The COVID-19 vaccination process is shifting into high gear in Connecticut. Our state is among the top states in the nation when it comes to getting shots into the arms of residents.
On Monday morning, Governor Ned Lamont is among others praising the public-private partnerships that are keeping vaccinations moving along.
Workers at the vaccination site say people 75 and older have been so excited to get the vaccine they’ve been bringing candy and flowers for pharmacists. But these workers say the best gift you can give is to encourage someone else to get vaccinated.
“Today we’re going on offense. Today we’re going to make sure we have as many people vaccinated as quickly as we can. Look at these lines of hope right here,” said Lamont.
Exactly one week in, the Pratt & Whitney runway decommissioned back in 94 can now handle over 1,000 cars a day.
“On January 11, for the first time we came out to a very long runway with no electricity, and we were able to vaccinate our first Connecticut resident. We’re so proud of that,” said Mark Masselli, CEO, Community Health Center.
It’s a moment of pride for Pratt & Whitney and its 3,000 employees who work in East Hartford.

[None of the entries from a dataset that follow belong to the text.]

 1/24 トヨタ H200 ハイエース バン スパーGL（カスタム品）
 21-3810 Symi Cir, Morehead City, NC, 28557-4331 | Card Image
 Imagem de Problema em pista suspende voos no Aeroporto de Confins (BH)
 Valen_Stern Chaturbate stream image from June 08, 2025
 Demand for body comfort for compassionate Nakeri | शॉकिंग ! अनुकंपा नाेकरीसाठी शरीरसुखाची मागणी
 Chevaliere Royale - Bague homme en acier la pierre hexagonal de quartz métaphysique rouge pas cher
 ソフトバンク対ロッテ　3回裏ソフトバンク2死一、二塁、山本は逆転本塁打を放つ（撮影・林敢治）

“It’s proud for our employees on this site and it’s proud for those retired employees who spent much of their career here in East Hartford,” said Pratt & Whitney President Christopher Calio.
Senator Richard Blumenthal says this is a blueprint for the types of vaccination clinics needed across the country. But paying for them won’t be cheap.
“This kind of logistics is not cost free. We need to pay for it. And it’s the federal government that has to step up,” said Blumenthal.